* **Task brief**:
Produce an exact copy of the lines from the line containing "A man is seated" through the last line of the entries below, and only those lines.

* **Provided material**:

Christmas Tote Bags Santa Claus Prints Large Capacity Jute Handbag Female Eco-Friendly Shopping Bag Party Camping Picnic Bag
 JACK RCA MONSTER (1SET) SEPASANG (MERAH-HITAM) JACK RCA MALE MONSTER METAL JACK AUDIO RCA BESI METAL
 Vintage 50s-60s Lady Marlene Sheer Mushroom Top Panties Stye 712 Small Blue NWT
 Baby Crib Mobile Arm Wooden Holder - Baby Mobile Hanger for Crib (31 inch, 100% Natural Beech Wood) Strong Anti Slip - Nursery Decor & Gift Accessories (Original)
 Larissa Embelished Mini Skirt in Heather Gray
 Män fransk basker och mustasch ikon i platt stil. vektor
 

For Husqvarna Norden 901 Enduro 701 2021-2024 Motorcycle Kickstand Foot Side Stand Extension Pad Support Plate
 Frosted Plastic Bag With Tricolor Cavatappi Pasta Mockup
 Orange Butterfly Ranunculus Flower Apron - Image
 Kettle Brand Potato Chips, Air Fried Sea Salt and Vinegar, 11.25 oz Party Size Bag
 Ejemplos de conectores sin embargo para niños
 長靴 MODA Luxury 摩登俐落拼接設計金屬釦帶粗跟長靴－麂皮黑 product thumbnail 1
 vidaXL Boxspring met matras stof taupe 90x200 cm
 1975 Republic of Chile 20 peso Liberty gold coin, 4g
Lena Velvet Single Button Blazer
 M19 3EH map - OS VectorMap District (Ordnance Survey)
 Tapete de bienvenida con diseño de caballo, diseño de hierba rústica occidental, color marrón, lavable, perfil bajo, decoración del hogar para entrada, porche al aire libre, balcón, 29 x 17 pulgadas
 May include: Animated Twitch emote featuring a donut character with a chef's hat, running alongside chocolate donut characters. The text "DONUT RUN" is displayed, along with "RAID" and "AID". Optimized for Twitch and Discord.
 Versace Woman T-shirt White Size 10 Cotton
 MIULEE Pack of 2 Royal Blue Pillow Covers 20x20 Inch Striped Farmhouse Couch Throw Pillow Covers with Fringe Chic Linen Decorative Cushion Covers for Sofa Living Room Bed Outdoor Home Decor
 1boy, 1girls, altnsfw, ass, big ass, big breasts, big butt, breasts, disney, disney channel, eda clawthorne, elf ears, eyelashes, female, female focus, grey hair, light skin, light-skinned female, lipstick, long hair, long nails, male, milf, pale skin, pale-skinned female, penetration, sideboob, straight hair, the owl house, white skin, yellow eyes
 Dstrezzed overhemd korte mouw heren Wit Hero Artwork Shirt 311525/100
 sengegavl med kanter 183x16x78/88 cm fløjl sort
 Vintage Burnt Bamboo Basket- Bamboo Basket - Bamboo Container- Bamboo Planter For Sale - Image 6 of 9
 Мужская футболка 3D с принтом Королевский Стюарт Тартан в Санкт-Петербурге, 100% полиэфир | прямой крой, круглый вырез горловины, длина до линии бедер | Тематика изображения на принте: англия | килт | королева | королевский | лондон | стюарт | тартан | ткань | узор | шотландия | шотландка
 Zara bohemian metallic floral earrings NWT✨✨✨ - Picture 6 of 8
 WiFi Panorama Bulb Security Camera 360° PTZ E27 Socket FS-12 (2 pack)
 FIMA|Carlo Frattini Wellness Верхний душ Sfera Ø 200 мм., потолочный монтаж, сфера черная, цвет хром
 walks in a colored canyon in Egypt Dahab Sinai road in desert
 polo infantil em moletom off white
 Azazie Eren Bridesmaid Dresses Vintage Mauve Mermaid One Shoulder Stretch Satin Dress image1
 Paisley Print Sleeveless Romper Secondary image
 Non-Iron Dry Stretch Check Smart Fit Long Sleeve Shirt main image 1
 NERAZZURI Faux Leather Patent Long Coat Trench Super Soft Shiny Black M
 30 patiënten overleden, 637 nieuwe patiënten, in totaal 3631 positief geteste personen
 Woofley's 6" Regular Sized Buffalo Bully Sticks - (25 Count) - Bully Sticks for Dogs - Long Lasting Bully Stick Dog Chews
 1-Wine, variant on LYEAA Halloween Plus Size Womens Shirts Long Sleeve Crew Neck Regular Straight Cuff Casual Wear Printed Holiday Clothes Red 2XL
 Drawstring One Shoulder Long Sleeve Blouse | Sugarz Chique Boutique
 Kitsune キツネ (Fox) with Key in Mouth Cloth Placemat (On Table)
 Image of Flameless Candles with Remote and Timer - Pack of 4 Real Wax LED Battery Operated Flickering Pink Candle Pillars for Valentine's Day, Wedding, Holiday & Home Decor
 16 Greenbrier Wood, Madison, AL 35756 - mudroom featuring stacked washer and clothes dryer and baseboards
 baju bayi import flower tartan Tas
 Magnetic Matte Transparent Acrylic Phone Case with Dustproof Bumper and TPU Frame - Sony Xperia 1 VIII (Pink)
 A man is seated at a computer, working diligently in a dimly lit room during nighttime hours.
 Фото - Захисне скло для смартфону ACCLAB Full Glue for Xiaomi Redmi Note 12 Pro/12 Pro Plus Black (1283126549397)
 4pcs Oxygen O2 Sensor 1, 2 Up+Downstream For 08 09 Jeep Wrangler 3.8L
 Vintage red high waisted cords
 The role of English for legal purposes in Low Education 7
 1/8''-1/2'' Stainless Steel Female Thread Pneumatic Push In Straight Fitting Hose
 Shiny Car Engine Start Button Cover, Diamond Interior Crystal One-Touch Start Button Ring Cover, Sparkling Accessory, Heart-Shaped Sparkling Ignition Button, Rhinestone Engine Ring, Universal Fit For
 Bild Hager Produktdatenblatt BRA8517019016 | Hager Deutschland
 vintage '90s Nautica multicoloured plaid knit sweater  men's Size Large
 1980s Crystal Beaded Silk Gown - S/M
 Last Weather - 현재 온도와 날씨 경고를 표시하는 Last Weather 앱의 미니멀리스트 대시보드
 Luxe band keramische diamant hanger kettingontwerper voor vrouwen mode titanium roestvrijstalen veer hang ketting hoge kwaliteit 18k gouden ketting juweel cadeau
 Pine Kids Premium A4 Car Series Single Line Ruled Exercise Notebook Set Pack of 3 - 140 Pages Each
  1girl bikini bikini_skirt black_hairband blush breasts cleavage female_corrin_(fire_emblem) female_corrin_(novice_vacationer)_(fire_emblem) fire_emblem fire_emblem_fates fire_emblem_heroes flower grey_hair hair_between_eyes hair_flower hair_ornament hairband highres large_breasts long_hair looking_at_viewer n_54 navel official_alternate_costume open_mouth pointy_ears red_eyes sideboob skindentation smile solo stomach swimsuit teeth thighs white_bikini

* **Result of the task**:
 A man is seated at a computer, working diligently in a dimly lit room during nighttime hours.
 Фото - Захисне скло для смартфону ACCLAB Full Glue for Xiaomi Redmi Note 12 Pro/12 Pro Plus Black (1283126549397)
 4pcs Oxygen O2 Sensor 1, 2 Up+Downstream For 08 09 Jeep Wrangler 3.8L
 Vintage red high waisted cords
 The role of English for legal purposes in Low Education 7
 1/8''-1/2'' Stainless Steel Female Thread Pneumatic Push In Straight Fitting Hose
 Shiny Car Engine Start Button Cover, Diamond Interior Crystal One-Touch Start Button Ring Cover, Sparkling Accessory, Heart-Shaped Sparkling Ignition Button, Rhinestone Engine Ring, Universal Fit For
 Bild Hager Produktdatenblatt BRA8517019016 | Hager Deutschland
 vintage '90s Nautica multicoloured plaid knit sweater  men's Size Large
 1980s Crystal Beaded Silk Gown - S/M
 Last Weather - 현재 온도와 날씨 경고를 표시하는 Last Weather 앱의 미니멀리스트 대시보드
 Luxe band keramische diamant hanger kettingontwerper voor vrouwen mode titanium roestvrijstalen veer hang ketting hoge kwaliteit 18k gouden ketting juweel cadeau
 Pine Kids Premium A4 Car Series Single Line Ruled Exercise Notebook Set Pack of 3 - 140 Pages Each
  1girl bikini bikini_skirt black_hairband blush breasts cleavage female_corrin_(fire_emblem) female_corrin_(novice_vacationer)_(fire_emblem) fire_emblem fire_emblem_fates fire_emblem_heroes flower grey_hair hair_between_eyes hair_flower hair_ornament hairband highres large_breasts long_hair looking_at_viewer n_54 navel official_alternate_costume open_mouth pointy_ears red_eyes sideboob skindentation smile solo stomach swimsuit teeth thighs white_bikini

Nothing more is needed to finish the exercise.